*** Records for processing Section Begins ***

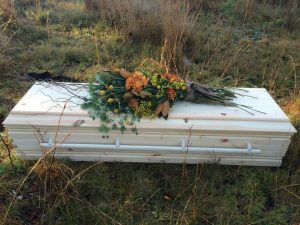 An image of simple pine box coffin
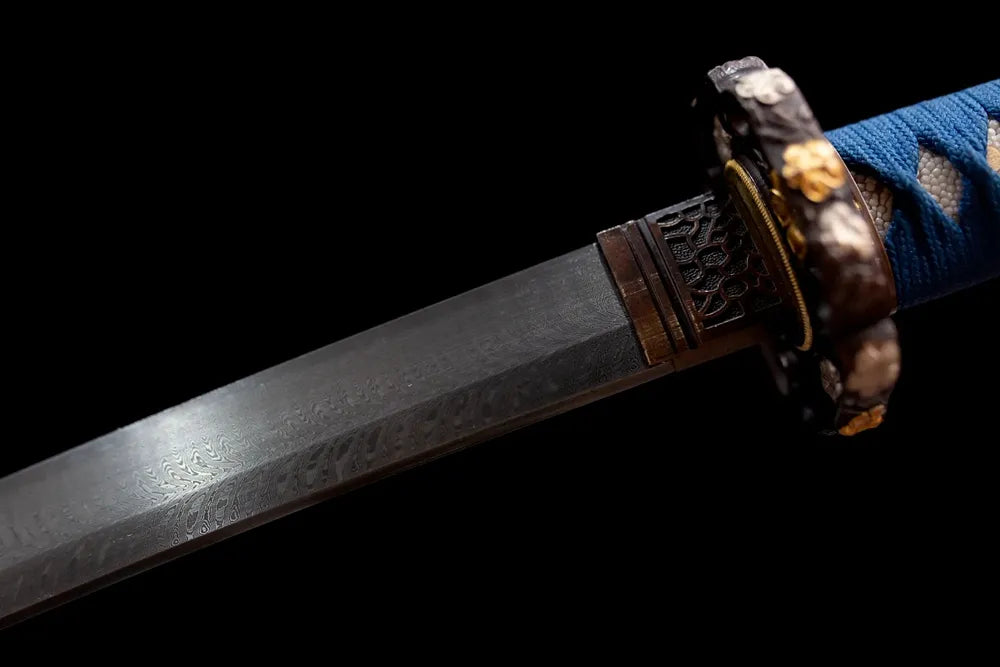 Upper multi‑layer damascus oil‑quenched tachi blade copper habaki layered metal grain macro close‑up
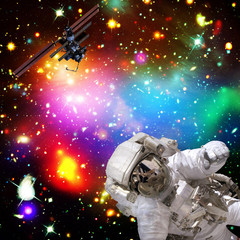 Astronaut flies in space. The elements of this image furnished by NASA.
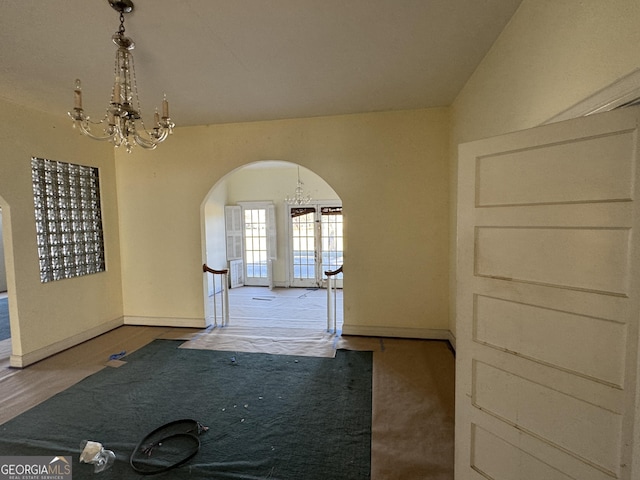 hall featuring a notable chandelier and lofted ceiling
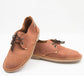 Tobacco ladies veldskoen pair showing full-grain leather texture and crepe sole construction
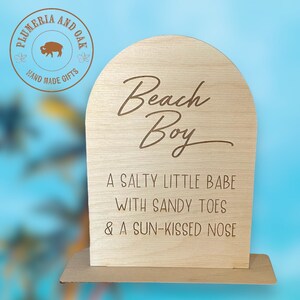 May include: Wooden sign with a light brown stain. The sign is shaped like an arch and has the text "Beach Boy" in a cursive font. Below the text is the phrase "A salty little babe with sandy toes & a sun-kissed nose".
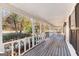 Long, covered porch with wooden flooring, white railings and views of the wooded property at 75 Antioch Rd, Mcdonough, GA 30252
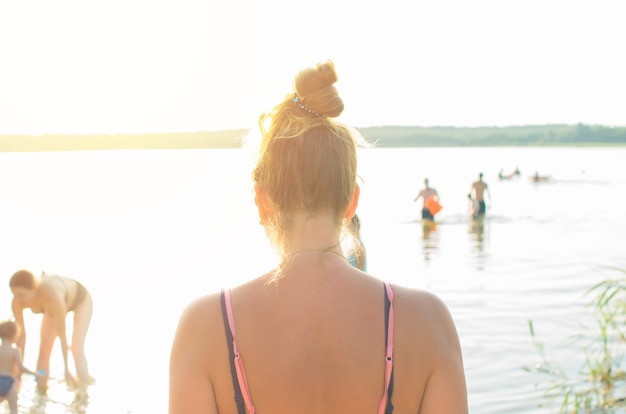 Mujer joven en traje de baño de pie en la playa junto al mar al atardecer o al amanecer, vista desde atrás. Chica mirando el horizonte, gente flotante de fondo borroso.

*** Records for processing Section Ends ***

# Task directions:
The records above are to be retyped exactly, with every picture left out.

# Written solution:
 An image of simple pine box coffin
 Upper multi‑layer damascus oil‑quenched tachi blade copper habaki layered metal grain macro close‑up
 Astronaut flies in space. The elements of this image furnished by NASA.
 hall featuring a notable chandelier and lofted ceiling
 Tobacco ladies veldskoen pair showing full-grain leather texture and crepe sole construction
 May include: Wooden sign with a light brown stain. The sign is shaped like an arch and has the text "Beach Boy" in a cursive font. Below the text is the phrase "A salty little babe with sandy toes & a sun-kissed nose".
 Long, covered porch with wooden flooring, white railings and views of the wooded property at 75 Antioch Rd, Mcdonough, GA 30252
 Mujer joven en traje de baño de pie en la playa junto al mar al atardecer o al amanecer, vista desde atrás. Chica mirando el horizonte, gente flotante de fondo borroso.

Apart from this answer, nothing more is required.